Labour’s former head of disputes has accused Jeremy Corbyn of having done more than “any modern day political figure since the Second World War to bring about the rise of antisemitism.”
Sam Matthews – who lifted the lid on his time working for the party on Wednesday night's damning BBC Panorama expose of Labour’s handling of complaints involving Jew-hate – tells the JC how he was driven to the brink of suicide as a result of the intense pressure put on him by Mr Corbyn’s closest aides to deliver their extremist political project.
Mr Matthews reveals how during his two-year tenure working at Labour’s headquarters in central London, he personally witnessed interference in a raft of high profile antisemitism cases by Mr Corbyn as well as senior party figures such as general secretary Jennie Formby, chief of staff Karie Murphy, Seumas Milne, the leader’s director of strategy and Andrew Murray, another key Corbyn adviser.

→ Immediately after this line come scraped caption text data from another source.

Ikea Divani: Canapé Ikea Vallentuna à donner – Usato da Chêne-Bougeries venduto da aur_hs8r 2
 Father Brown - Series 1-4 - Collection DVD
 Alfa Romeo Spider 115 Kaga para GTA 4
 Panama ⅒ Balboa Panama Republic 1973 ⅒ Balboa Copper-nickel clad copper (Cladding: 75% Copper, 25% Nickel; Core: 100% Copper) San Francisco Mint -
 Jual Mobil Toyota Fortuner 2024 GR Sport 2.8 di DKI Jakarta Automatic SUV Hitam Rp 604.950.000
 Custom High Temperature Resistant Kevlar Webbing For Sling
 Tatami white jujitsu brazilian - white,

“My view is that Jeremy Corbyn has done more than anyone in modern political history to bring about the rise of antisemitism,” he says.
“I saw first-hand the way his people operate and the way they allowed it to happen. I witnessed a deliberate attempt by these people to redefine what constituted modern day antisemitism – mainly so they could let their mates off the charge.
“After Jeremy became leader, he opened the floodgates and allowed people to join the Labour Party who never would have been allowed anywhere near it in the past.
“Whether he himself is an antisemite or not is an irrelevance. He is the biggest friend antisemites have had since the Second World War."
Mr Matthews continues: “It was shocking to me in a way that breaks my heart to watch the Labour Party normalise modern antisemitism.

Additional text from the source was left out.